Last week we discussed about VR technology and its impact on the gaming industry. While today it is clear that we might see VR games in the very near future, only until five years ago, VR technology still seemed quite sci-fi, at least when it comes to gaming and gaming technology.
In the past there have been quite a lot of phenomena that seemed sci-fi, but they are quite real now. If the history of video has taught us anything, it is that nothing is impossible and that every technological advance can have an impact on game developed and can be used to improve gameplay and give us more realistic games.
The Early Days of 3D
3D graphics are pretty much the norm nowadays, but most of us remember the days when 3D games were still considered revolutionary. You may be surprised to learn that the first 3D game appeared in the 1980s, but it is safe to say that all games before 1990 were 3D only in the name. In other words, the ingenious developers and designers used various tricks and techniques to make the graphics appear 3D, but there was no real 3D dynamics. If we compare those games to ones that we have today, nobody would even say that they are 3D.
The developers in the early 1990s had to compromise a lot when it came to 3D and graphics in general. Firstly, as 3D technology was still in its infancy, there were a lot fewer options at their disposal. Employing 2D graphics usually meant having a lot more options in terms of gameplay and overall game feel, but on the other hand, developing a high-quality 3D game meant a greater appeal.
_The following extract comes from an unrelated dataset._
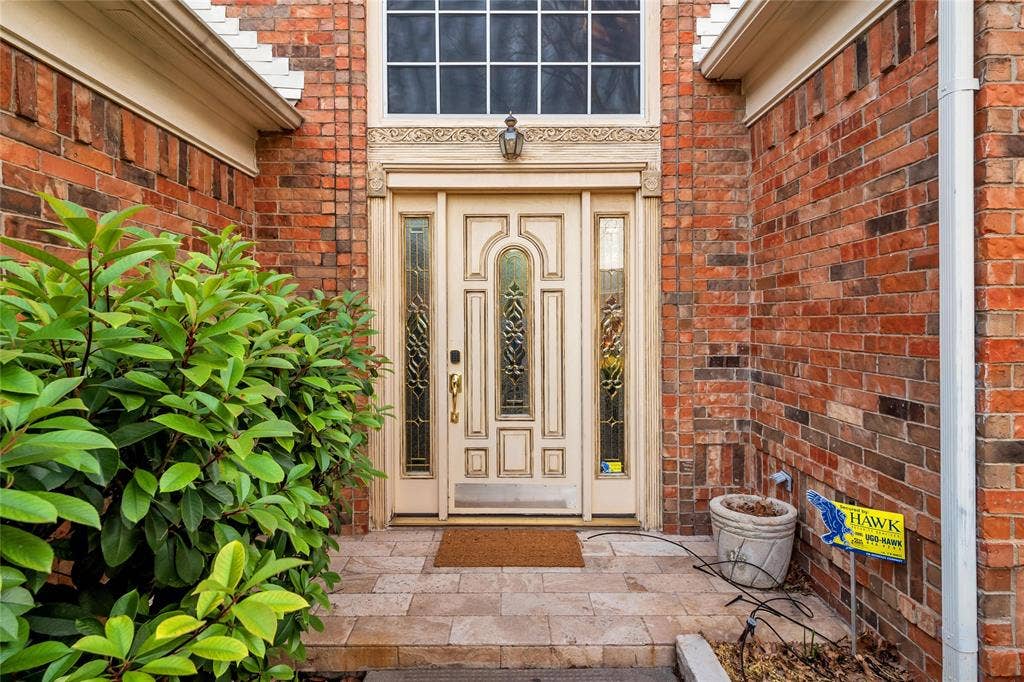 4523 Wescott Drive, Grand Prairie, TX 75052 Brick facade with decorative stone accents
Wolfenstein was probably the first game with groundbreaking 3D graphics, at least for its time, and considering that the game was released in 1992, it has to be said that the graphic features were quite impressive, even though the gameplay was still basic. There are weren’t a lot of available options, after all.
What the Future Holds
By the mid-nineties most first person shooters and action games featured what was cleverly called 2.5D graphics, i.e. they all appeared 3D, but they were actually created in 2D technology. The maps appeared 3D, but developers used clever tricks to make it seem so. Quake was released in 1996, and many experts would agree that it killed off the so called 2.5D games.
Then, during the following 1997 the first video cards especially created for 3D games appeared and that changed everything. Then game developers started adding shaders, and without shaders we can’t even imagine modern 3D games and their advanced graphic features. Shaders made bodies and characters look at lot more realistic.
One might wonder what the next major thing would be when it comes to graphics and it would be silly not to assume that developers might try to create games that require 3D glasses. After all, if there can be 3D films, why not 3D games in the actual sense of the word.